Предполагалось, что на заседаниях сейма будут продолжаться дебаты между консерваторами и сторонниками партии реформ, а также между левым и правым крылом этой партии — между Кошутом и Сечени.
Петефи стремился в Пожонь. Ему казалось, что там должны произойти грандиозные события, что будет принят закон об освобождении крестьян с выкупом и об установлении венгерского языка государственным языком страны. Все говорило о больших возможностях левых сторонников реформ. Популярность Кошута, только недавно вышедшего из тюрьмы, все возрастала, а учреждение «Общества защиты венгерской промышленности» было уже вопросом нескольких месяцев.
В Пожоне существовала хорошая театральная труппа, и Петефи надеялся, что будет в нее принят, что устремления его поймут и оценят его талант. И еще одно влекло его в Пожонь: он знал, что к началу заседаний сейма там соберется весь цвет венгерской литературы, а к этому времени он сам успел уже напечатать довольно много стихотворений в журнале «Атенеум» и имя его узнали в литературных кругах.
Беда была только в том, что знаменитый журнал, который набрал, правда, не больше трехсот подписчиков, не имел обыкновения платить гонорара, и Петефи по-прежнему был без денег. Он задолжал хозяйке квартиры, и та не хотела отдать ему его единственный костюм. Наконец Петефи удалось кое-как с ней договориться, и он отправился в путь.

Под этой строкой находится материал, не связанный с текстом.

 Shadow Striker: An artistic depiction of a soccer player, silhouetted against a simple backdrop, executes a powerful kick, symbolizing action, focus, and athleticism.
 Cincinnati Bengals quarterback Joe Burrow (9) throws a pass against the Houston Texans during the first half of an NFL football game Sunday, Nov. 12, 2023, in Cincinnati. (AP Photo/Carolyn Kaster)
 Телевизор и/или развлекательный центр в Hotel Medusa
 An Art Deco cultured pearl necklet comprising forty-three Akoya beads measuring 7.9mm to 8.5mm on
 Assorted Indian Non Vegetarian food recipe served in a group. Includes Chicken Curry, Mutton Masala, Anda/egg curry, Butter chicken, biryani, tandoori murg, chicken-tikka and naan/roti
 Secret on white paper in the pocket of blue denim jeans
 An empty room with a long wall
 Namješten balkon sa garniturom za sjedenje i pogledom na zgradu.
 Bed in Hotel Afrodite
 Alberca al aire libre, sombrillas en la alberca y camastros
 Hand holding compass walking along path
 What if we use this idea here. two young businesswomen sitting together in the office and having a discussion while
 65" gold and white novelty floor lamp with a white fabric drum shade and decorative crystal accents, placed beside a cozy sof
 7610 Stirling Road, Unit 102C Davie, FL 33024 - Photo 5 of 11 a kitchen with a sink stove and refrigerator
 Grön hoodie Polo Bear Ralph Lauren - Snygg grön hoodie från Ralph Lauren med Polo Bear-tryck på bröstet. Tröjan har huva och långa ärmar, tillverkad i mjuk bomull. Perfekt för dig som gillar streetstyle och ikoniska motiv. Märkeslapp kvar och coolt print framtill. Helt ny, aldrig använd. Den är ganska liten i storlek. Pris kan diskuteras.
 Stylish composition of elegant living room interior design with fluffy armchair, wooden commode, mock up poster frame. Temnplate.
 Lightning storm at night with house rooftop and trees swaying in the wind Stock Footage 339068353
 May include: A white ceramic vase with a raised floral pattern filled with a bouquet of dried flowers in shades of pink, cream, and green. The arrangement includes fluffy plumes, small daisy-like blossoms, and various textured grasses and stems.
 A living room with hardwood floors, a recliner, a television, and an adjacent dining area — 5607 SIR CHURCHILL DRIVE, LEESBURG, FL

В начале апреля юноша пришел в Пешт, а так как до открытия Сословного собрания оставалось еще некоторое время, то он «заскочил» в город Папу к Орлаи. Пошел, как всегда, конечно, пешком. «Одежда его была покрыта дорожной пылью, и из продранных сапог выглядывали портянки». В Папе какой-то его знакомый, огромного роста человек, подарил Петефи свой старый костюм и башмаки. Костюм немного укоротили и сузили, с башмаками же ничего нельзя было сделать.
В начале мая юноша направился в Пожонь.
И занятное же было зрелище: бредет по дороге двадцатилетний юноша, идет в старой, выцветшей одежде, кое-как прилаженной к его тощей фигуре; на ногах у него огромные башмаки — они-то и бросаются в глаза прежде всего. Так шагает по большаку Шандор Петефи, величайший поэт Венгрии, так плетется он пешком в город Пожонь.
В Пожоне, несмотря на то, а может быть, именно вследствие того, что он изложил свои взгляды на актерское искусство, в труппу его не приняли. «Мне не оставалось ничего иного, — писал он поэту Байзе, — как взяться за перо, чтобы обеспечить свое пребывание здесь. И вот я весь день переписываю «Ведомости сейма»… а оплата так ничтожна, что только и хватает на хлеб насущный. К тому, же глаза мои слабеют и грудь побаливает, а при столь сухих занятиях и муза меня обходит».
«Муза обходила его»! Не потому ли Петефи в том же письме к Байзе послал чудесные стихи «Издалека», «Зреет пшеница» и «Раз на кухню залетел я…»?
А жить ему по-прежнему негде. Из милости то один, то другой пускал его к себе ночевать. Когда же такого благодетеля не находилось, то «ложем камень был, а ливень — одеялом».